周りには、黒く小さな蝙蝠のような、小鳥のようなものが何匹も飛び回っていた。
王国随一の膨大な魔力に恵まれた彼女は、全属性の魔法適性があり、その魔法を日々極めようとしている。
国立魔法研究所に在籍しているだけではなく、特に使い魔を召喚・使役する魔法を得意とするので、この王国内の影の機関と言われている諜報機関もヴァイオレットが管轄していた。
「さあ、エドガール。こんな所で貴方の可愛い婚約者であるローリジットを陥れ、その性根の醜い小娘を妻にすると宣った事について、私達が納得できる説明をしてちょうだい」
パチンと手に持っていた扇子を閉じながら話すカサンドラ。

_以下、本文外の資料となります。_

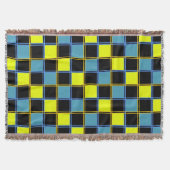Geel blauw gecontroleerd geometrisch patroon deken (Voorkant)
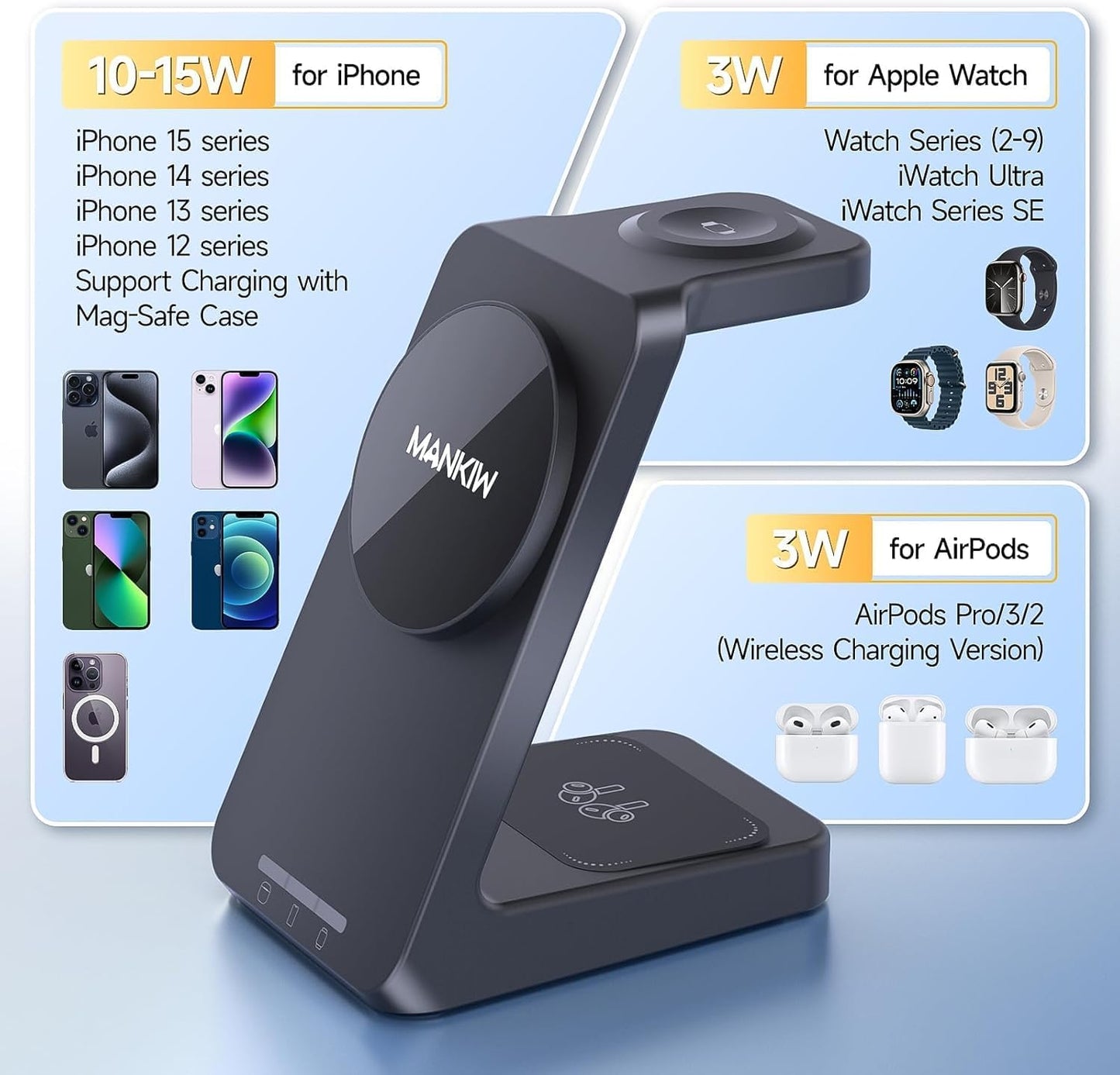 MANKIW 3-in-1 Induction Chargers Charging Station for Apple Watch, iPhone NEW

優しく微笑む笑顔は聖母のようなのに、醸し出すオーラは誰にも異を唱えさせないものを感じさせる彼女は、現宰相も敵わないほどの圧倒的な頭脳と統治力があり、王位継承順第一位と言われている。
本来ならば、成人パーティに参加する予定ではなかった筈の4人が、突如この会場に現れたことで、事態は一変した。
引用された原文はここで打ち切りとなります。